Dynamic Disentangled Fusion Network for RGBT Tracking
This addresses robust object tracking in RGBT (RGB and thermal) data for applications like surveillance, though it appears incremental as it builds on existing fusion models with dynamic adaptation.
The paper tackles the problem of robust RGBT tracking under challenging scenarios like low resolution and occlusion by proposing a Dynamic Disentangled Fusion Network (DDFNet), which disentangles fusion into attribute-based models and adapts dynamically, achieving state-of-the-art performance on benchmark datasets.

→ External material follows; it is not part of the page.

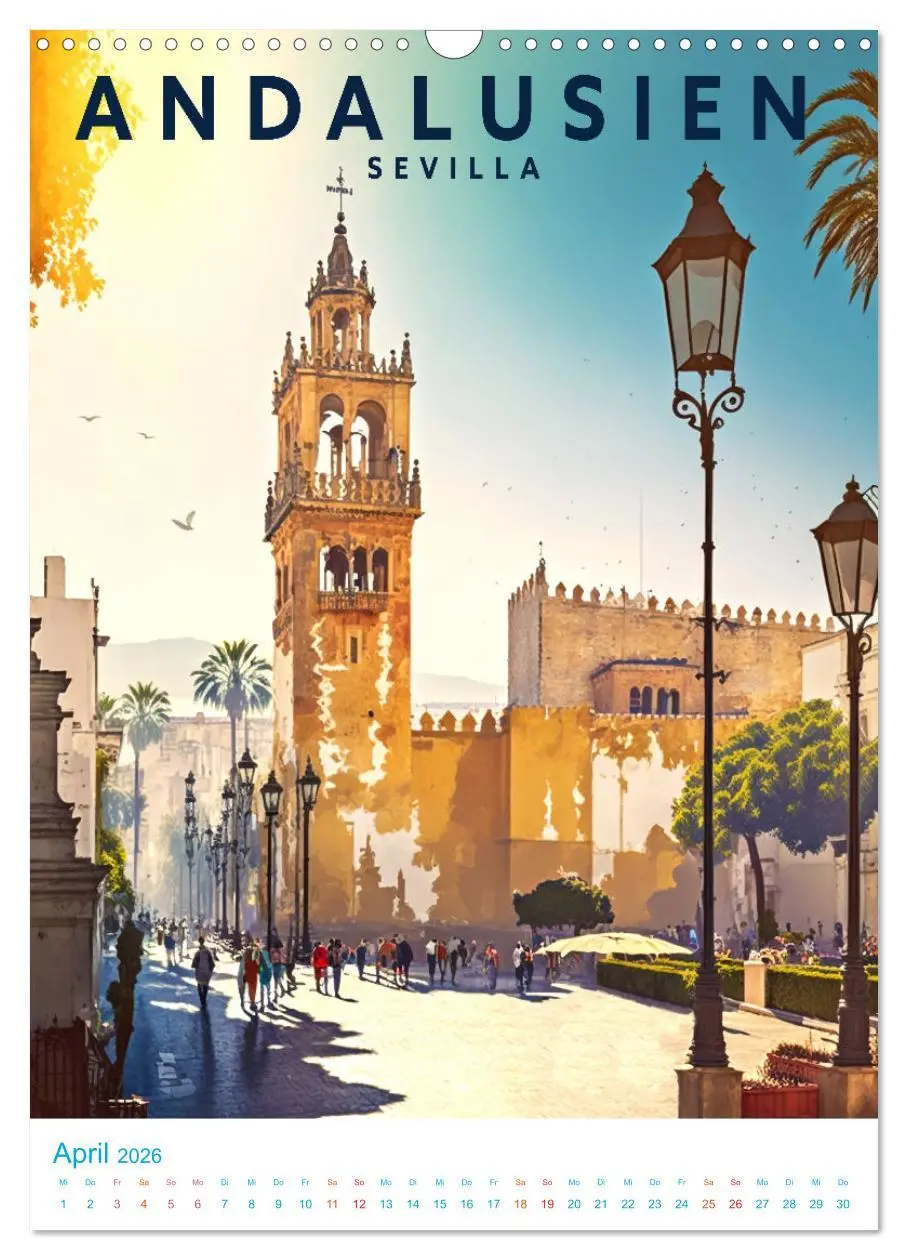 Bild: 9783516325560 | Andalusien - Old School Poster Style (Wandkalender 2026 DIN A3...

RGBT tracking usually suffers from various challenging factors of low resolution, similar appearance, extreme illumination, thermal crossover and occlusion, to name a few. Existing works often study complex fusion models to handle challenging scenarios, but can not well adapt to various challenges, which might limit tracking performance. To handle this problem, we propose a novel Dynamic Disentangled Fusion Network called DDFNet, which disentangles the fusion process into several dynamic fusion models via the challenge attributes to adapt to various challenging scenarios, for robust RGBT tracking. In particular, we design six attribute-based fusion models to integrate RGB and thermal features under the six challenging scenarios respectively.Since each fusion model is to deal with the corresponding challenges, such disentangled fusion scheme could increase the fusion capacity without the dependence on large-scale training data. Considering that every challenging scenario also has different levels of difficulty, we propose to optimize the combination of multiple fusion units to form each attribute-based fusion model in a dynamic manner, which could well adapt to the difficulty of the corresponding challenging scenario. To address the issue that which fusion models should be activated in the tracking process, we design an adaptive aggregation fusion module to integrate all features from attribute-based fusion models in an adaptive manner with a three-stage training algorithm. In addition, we design an enhancement fusion module to further strengthen the aggregated feature and modality-specific features. Experimental results on benchmark datasets demonstrate the effectiveness of our DDFNet against other state-of-the-art methods.